Die humanitäre Lage in Syrien hat sich mit der russischen Offensive katastrophal verschlechtert, sagen NGO. Sie fürchten den nahenden Winter.
Kein Strom, wenig Wasser, Angst vor dem kalten Winter. Die seit Anfang Oktober andauernde Offensive des syrischen Regimes gegen Rebellen mit Unterstützung der russischen Armee zwingen tausende Menschen zur Flucht innerhalb Syriens - und zerstören die in vielen Teilen des Landes ohnehin schon lückenhafte Infrastruktur.
Aktivisten und Hilfsorganisationen berichteten, im Norden Syriens seien in den vergangenen Wochen mehrere Zehntausend Menschen von heftigen Kämpfen zwischen Regime und Rebellen vertrieben worden. Nördlich der Stadt Hama seien rund 70.000 Menschen auf der Flucht, erklärte Tamer Hassan von der oppositionsnahen Hilfsorganisation Syrian American Medical Society (SAMS).
Auch südlich von Aleppo ist eine große Zahl von Menschen vor Kämpfen geflohen. Während das UN-Flüchtlingshilfswerk UNHCR von einigen Tausend Vertriebenen ausgeht, sprechen Aktivisten von mehreren Zehntausend auf der Flucht. Die Lage dort sei "katastrophal", erklärte ein Aktivist vom Aleppo Media Council.
Vorwurf: Russland bombardiert Krankenhäuser
Ein Arzt von SAMS, der die Region vor kurzem besuchte, erklärte, die Menschen lebten auf freier Fläche in Zelten. Die Lage sei "elendig", sagte Abu al-Iss. "Wenn wir nicht sofort etwas unternehmen, kann sich die Situation in eine Katastrophe verwandeln." Der russischen Luftwaffe warf er vor, systematisch Krankenhäuser zu bombardieren.

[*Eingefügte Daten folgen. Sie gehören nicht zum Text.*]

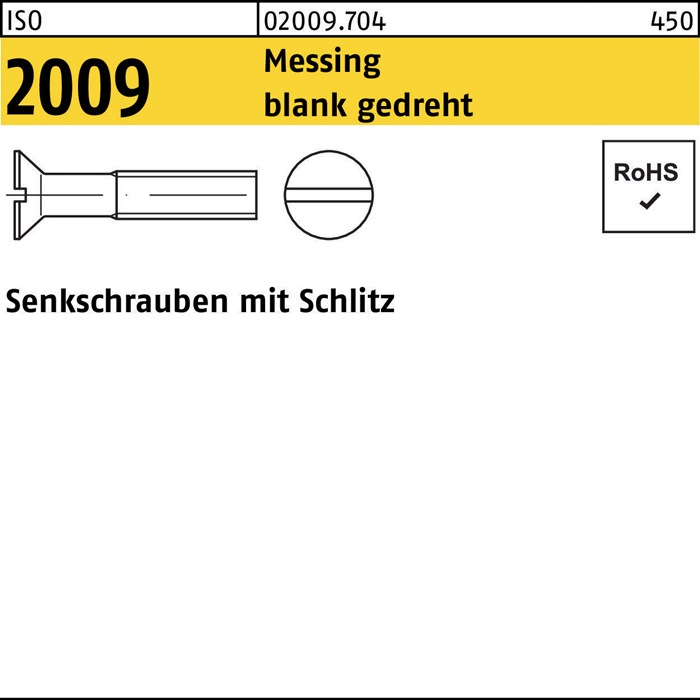 Senkschraube ISO 2009 Schlitz M1,6x 10 Messing blank gedreht 100 Stück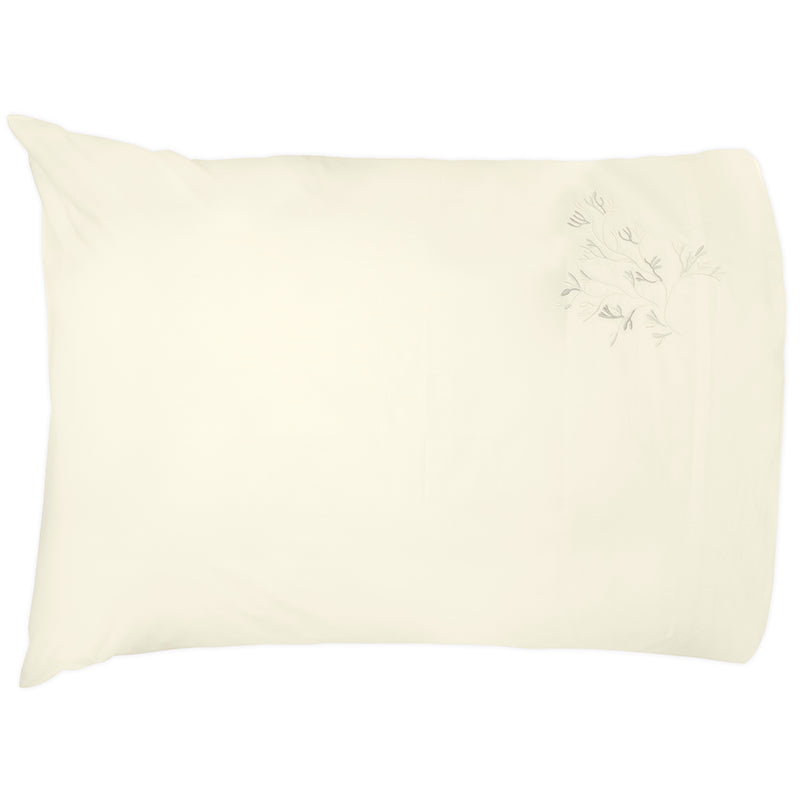 Percale Suez Ivory Straw Standard Pillowcase - NetDécor 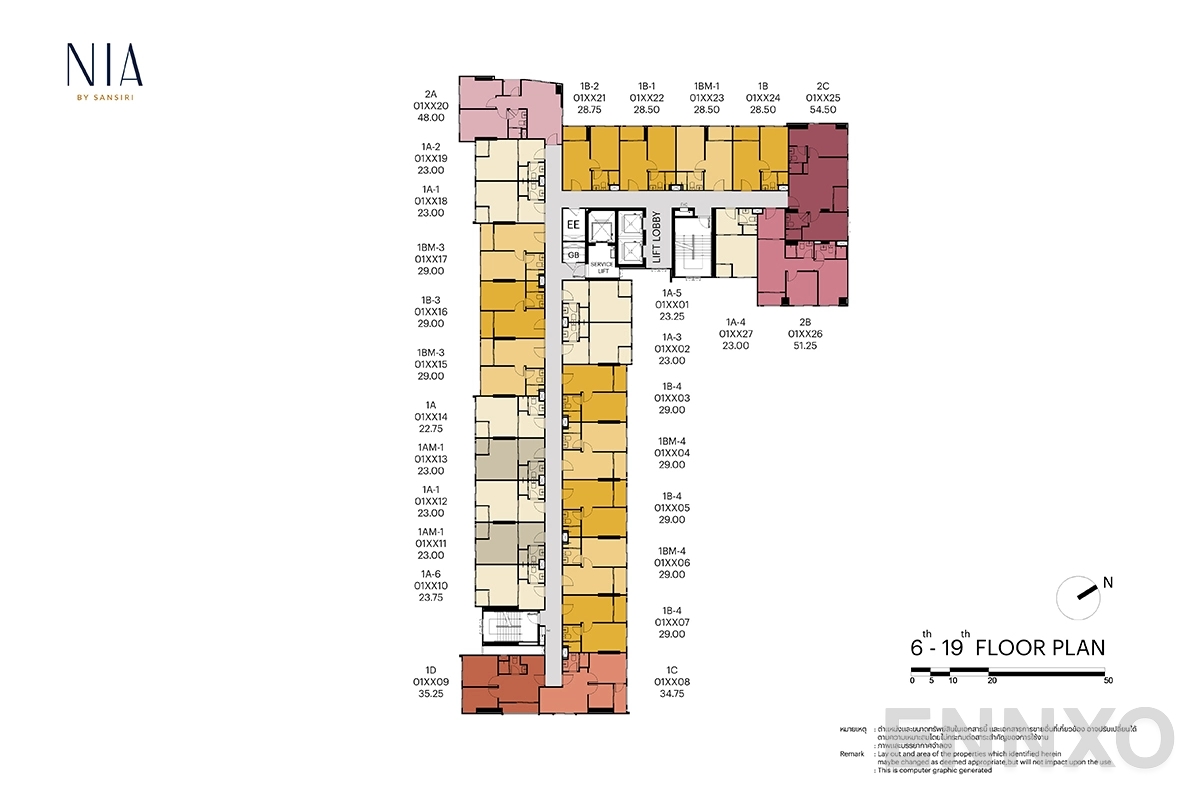 แปลนชั้น 6th - 19th Floor ของโครงการ NIA by Sansiri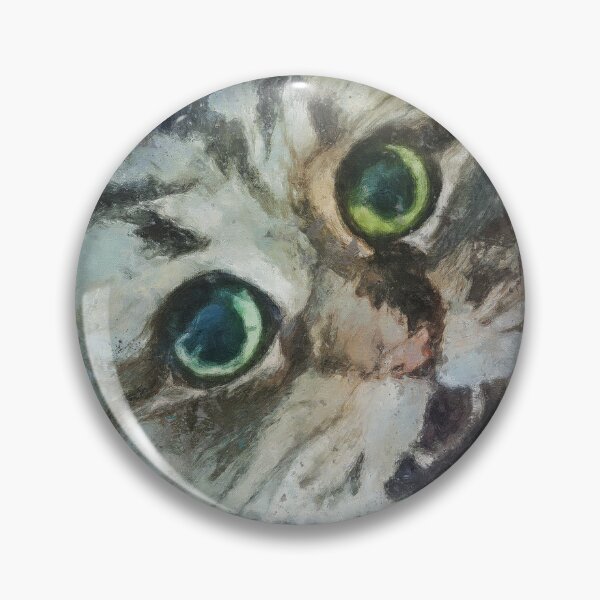 Item preview, Painterly Green Eyed Cat Begging for Treats  designed and sold by Righan Wallace.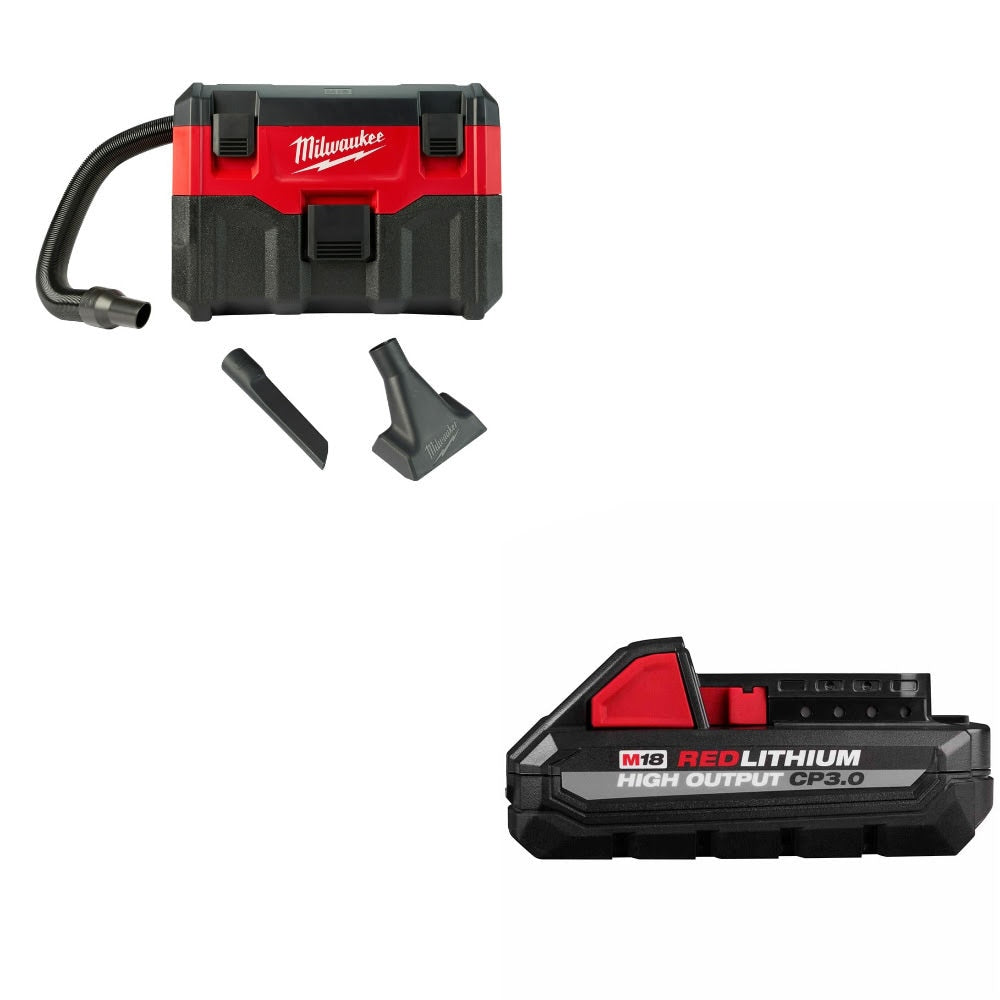 Milwaukee 0880-20 18V Wet/Dry Vacuum, Bare W/ 48-11-1835 M18 CP3.0 Battery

So sei etwa die Klinik in Al-Hadir ins Visier genommen worden. Regimekräfte konnten den Ort am Donnerstag einnehmen.
Auch der Beginn des Winters bereitet den Hilfsorganisationen große Sorgen. Die andauernde Vertreibung zwinge viele Menschen zur Flucht in höher gelegene Regionen, sagte Karl Schembri von der Organisation Norwegian Refugee Council. "Dort sind sie dem kalten Winterwetter ausgesetzt. Regen, Wind und auch bald Schnee bedrohen zusätzlich zu den Kämpfen ihr Überleben."
Flucht nach Türkei kaum möglich
Besonders Aleppo ist von den Kämpfen zwischen Rebellen und Regime unter Mitleidenschaft gezogen worden: In den von Rebellen kontrollierten Vierteln der Großstadt gibt es seit mindestens zwei Wochen weder Strom noch Wasser. Wegen des heftigen Beschusses könnten zerstörte Leitungen nicht repariert werden, erklärte ein Aktivist. "Die Menschen nehmen Wasser aus Brunnen." Das sei aber verschmutzt und nicht zum Trinken geeignet.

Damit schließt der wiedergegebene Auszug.